BEGIN AVAILABLE RECORDS

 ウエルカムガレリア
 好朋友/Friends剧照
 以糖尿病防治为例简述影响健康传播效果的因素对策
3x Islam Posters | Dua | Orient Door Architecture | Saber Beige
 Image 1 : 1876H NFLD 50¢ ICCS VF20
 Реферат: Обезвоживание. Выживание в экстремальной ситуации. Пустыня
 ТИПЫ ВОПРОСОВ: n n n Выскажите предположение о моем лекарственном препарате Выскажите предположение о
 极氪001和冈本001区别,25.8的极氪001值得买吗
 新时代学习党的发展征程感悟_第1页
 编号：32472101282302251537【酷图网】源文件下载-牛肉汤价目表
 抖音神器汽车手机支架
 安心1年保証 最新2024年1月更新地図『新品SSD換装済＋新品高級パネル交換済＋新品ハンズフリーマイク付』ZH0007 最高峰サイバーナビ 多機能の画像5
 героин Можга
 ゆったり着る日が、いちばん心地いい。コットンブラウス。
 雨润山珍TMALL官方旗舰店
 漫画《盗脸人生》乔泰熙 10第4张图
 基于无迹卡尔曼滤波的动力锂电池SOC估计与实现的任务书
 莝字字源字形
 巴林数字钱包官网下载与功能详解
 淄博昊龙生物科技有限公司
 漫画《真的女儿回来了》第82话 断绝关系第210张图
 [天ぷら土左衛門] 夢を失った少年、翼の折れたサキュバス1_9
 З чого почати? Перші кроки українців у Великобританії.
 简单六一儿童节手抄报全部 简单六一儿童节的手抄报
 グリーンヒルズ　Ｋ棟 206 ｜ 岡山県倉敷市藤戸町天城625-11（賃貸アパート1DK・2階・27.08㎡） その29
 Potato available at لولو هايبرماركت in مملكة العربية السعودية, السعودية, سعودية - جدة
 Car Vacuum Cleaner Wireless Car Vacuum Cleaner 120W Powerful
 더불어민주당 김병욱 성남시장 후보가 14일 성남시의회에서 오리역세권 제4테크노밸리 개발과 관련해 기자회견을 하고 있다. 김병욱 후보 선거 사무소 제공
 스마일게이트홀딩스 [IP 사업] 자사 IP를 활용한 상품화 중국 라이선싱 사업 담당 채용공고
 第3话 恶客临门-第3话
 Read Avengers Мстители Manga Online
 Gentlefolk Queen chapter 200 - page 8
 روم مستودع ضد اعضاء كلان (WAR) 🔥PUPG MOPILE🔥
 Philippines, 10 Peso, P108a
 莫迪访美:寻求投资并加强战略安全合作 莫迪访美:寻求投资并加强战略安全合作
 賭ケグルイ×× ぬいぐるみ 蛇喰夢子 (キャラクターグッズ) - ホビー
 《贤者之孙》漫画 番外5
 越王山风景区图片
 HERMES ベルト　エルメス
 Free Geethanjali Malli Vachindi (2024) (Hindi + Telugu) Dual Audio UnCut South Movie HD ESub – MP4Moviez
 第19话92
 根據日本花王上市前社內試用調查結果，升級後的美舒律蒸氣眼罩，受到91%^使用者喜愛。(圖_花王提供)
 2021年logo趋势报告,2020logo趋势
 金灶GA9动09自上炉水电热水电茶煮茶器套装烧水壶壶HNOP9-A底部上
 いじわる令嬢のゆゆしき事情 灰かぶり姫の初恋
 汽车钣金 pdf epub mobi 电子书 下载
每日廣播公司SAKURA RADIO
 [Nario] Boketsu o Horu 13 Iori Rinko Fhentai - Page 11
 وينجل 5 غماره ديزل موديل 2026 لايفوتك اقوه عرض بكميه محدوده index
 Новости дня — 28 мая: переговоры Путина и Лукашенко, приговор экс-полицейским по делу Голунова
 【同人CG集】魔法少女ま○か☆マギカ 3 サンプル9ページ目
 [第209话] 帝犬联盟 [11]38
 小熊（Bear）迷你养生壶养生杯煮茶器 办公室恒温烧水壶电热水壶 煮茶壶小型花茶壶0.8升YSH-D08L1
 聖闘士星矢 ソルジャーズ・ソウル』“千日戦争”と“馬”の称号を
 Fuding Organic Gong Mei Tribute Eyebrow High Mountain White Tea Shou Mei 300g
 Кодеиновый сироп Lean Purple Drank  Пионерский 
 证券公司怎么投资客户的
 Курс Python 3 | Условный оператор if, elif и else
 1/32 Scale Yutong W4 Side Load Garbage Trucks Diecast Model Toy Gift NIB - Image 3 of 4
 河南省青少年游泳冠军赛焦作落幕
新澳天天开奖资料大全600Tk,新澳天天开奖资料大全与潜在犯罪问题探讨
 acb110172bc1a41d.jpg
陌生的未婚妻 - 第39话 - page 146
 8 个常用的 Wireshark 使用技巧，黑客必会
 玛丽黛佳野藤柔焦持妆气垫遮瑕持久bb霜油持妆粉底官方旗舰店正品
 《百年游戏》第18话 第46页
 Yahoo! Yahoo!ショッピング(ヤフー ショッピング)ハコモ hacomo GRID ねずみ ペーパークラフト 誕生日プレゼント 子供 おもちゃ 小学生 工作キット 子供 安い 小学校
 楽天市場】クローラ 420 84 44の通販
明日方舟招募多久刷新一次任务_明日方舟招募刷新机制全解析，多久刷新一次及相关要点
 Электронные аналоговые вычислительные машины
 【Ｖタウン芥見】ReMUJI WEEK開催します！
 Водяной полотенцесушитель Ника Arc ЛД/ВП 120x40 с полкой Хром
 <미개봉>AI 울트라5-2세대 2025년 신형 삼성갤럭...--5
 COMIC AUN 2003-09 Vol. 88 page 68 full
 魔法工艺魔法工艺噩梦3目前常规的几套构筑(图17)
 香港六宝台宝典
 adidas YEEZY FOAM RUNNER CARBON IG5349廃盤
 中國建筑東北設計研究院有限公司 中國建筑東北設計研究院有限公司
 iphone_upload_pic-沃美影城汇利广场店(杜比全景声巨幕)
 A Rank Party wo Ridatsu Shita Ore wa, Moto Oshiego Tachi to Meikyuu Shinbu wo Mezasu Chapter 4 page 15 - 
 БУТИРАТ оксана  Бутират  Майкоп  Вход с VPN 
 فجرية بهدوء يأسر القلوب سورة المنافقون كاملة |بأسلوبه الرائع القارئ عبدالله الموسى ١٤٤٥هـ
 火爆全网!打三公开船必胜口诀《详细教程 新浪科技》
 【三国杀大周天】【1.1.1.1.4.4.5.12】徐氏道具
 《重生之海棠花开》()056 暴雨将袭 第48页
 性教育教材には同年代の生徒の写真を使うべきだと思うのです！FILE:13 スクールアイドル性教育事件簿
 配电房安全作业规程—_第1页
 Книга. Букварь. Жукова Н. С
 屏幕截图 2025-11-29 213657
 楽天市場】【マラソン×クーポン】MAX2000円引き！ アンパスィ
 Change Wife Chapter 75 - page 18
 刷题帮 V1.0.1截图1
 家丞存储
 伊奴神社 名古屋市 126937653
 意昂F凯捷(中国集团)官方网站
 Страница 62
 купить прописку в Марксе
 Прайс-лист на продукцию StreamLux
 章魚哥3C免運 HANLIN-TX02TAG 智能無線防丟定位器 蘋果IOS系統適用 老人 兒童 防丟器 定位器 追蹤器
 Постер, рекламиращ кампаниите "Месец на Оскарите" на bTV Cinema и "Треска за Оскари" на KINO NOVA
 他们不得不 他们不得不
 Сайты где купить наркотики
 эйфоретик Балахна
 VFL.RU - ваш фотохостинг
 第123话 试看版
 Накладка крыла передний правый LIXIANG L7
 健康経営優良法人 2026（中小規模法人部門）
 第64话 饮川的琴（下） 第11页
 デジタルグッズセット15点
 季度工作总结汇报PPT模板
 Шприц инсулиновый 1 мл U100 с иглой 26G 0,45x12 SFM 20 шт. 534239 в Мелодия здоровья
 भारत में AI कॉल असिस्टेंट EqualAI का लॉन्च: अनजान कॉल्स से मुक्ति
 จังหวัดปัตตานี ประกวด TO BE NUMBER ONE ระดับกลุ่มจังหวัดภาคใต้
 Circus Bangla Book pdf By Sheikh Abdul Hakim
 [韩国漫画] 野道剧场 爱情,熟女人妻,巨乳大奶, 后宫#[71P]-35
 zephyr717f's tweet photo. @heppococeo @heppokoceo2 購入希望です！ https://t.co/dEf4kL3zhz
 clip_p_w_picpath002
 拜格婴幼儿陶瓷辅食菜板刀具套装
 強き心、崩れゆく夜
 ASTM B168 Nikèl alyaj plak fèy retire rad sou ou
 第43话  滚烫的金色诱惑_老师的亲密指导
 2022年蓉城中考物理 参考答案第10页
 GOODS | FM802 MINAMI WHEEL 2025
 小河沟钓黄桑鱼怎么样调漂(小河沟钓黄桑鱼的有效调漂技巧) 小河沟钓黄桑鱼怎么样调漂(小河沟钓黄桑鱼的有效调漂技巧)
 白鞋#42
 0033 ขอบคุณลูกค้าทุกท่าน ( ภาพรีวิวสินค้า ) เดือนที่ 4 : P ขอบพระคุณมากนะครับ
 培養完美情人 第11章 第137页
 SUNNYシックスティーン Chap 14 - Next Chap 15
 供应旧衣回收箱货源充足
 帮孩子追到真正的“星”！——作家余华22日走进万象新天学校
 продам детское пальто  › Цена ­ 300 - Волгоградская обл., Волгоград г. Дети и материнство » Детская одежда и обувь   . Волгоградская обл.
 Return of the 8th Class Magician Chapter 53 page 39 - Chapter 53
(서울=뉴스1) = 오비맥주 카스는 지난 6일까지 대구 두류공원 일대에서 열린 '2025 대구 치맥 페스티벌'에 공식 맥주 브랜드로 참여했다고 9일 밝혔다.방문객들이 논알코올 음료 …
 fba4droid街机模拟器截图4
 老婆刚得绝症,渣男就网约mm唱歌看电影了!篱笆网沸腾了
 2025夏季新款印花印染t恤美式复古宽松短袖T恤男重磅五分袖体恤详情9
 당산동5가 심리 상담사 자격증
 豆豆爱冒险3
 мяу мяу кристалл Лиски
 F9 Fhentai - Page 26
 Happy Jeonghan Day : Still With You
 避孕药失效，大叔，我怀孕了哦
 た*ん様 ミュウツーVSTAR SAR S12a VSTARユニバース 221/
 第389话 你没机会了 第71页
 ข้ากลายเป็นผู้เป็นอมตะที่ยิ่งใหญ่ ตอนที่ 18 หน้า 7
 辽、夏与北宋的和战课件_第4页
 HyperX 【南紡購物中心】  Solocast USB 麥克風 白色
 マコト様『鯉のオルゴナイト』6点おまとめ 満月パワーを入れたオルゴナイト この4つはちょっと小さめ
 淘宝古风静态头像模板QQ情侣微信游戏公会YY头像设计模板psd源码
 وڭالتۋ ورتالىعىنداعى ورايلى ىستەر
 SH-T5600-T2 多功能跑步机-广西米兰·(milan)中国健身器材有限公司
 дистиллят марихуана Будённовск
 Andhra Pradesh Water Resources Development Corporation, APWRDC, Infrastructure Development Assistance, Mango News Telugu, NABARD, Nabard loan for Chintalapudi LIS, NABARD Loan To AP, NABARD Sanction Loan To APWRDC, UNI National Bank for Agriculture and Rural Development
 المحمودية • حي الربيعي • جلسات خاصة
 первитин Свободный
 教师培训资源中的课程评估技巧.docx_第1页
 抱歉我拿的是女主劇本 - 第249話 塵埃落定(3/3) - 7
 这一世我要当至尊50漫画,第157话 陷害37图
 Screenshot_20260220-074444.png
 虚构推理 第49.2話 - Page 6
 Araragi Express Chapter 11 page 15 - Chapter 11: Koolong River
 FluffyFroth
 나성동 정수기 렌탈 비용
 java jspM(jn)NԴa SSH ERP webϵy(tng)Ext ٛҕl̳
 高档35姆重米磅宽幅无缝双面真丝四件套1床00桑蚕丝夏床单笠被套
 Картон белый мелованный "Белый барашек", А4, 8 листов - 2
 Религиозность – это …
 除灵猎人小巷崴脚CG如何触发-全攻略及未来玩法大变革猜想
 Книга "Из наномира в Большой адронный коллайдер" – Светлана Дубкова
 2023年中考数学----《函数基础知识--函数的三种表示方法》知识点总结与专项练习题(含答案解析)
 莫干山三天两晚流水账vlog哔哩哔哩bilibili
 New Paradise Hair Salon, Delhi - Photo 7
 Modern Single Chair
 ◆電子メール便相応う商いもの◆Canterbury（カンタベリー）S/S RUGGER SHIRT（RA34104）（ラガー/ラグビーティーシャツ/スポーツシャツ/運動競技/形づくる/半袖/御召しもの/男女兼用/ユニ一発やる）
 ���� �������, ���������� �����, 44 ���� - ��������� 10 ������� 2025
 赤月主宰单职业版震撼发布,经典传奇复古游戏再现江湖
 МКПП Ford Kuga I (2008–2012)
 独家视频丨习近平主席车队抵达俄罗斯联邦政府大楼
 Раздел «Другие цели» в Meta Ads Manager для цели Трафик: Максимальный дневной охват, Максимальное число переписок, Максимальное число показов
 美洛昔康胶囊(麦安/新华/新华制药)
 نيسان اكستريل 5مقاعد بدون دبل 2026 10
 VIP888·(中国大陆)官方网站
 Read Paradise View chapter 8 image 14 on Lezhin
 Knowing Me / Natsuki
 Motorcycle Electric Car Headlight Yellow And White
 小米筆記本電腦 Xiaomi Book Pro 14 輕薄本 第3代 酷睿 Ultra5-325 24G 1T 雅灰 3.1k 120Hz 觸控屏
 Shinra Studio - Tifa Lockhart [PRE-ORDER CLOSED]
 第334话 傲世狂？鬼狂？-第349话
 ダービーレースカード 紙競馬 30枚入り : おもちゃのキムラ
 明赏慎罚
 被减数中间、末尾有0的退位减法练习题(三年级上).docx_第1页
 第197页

END AVAILABLE RECORDS

Every line above that includes the word "Paradise" should be listed.

### RESPONSE AREA
 New Paradise Hair Salon, Delhi - Photo 7
 Read Paradise View chapter 8 image 14 on Lezhin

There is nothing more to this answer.